Material to process =>
▼▼▼

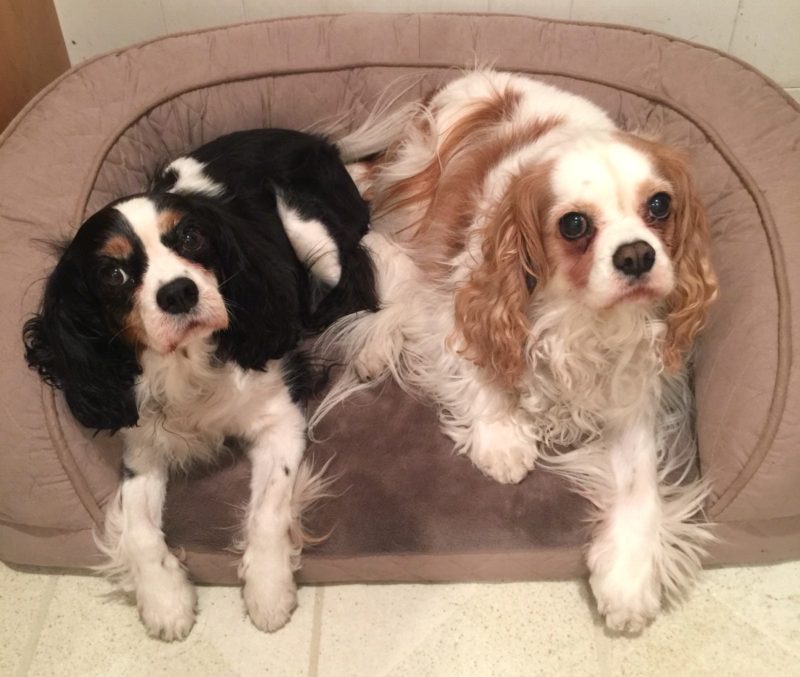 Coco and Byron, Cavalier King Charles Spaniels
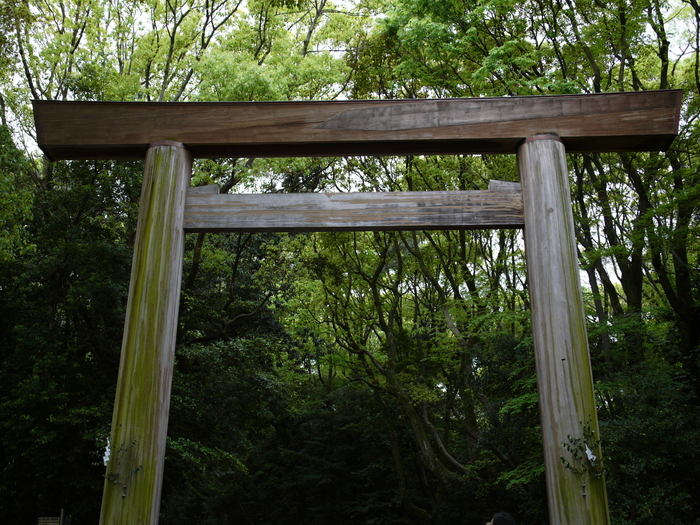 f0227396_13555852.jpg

▲▲▲
▼▼▼

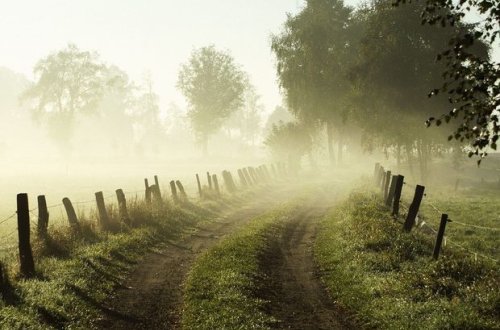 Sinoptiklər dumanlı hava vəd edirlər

▲▲▲
▼▼▼

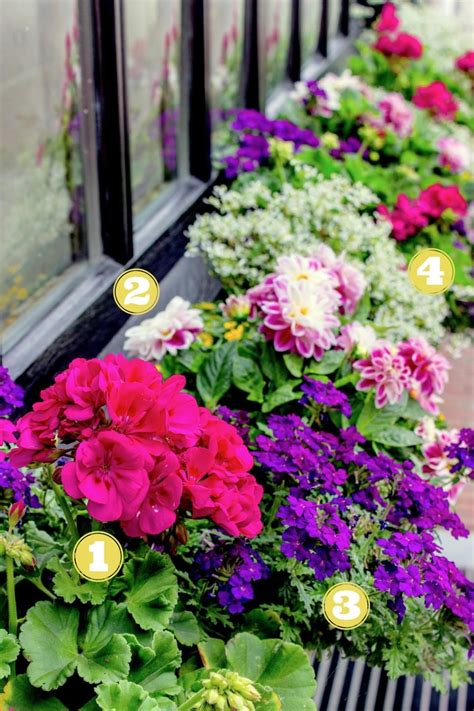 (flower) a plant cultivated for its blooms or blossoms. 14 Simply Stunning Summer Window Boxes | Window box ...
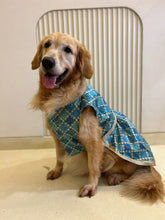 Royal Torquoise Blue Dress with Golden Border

▲▲▲

About this exercise => Using the records above, return word for word the lines that begin at the one containing "Coco and Byron, Cavalier" and end at the one containing "f0227396_13555852.jpg", both of them included and no pictures.

Answer to this problem =>
 Coco and Byron, Cavalier King Charles Spaniels
 f0227396_13555852.jpg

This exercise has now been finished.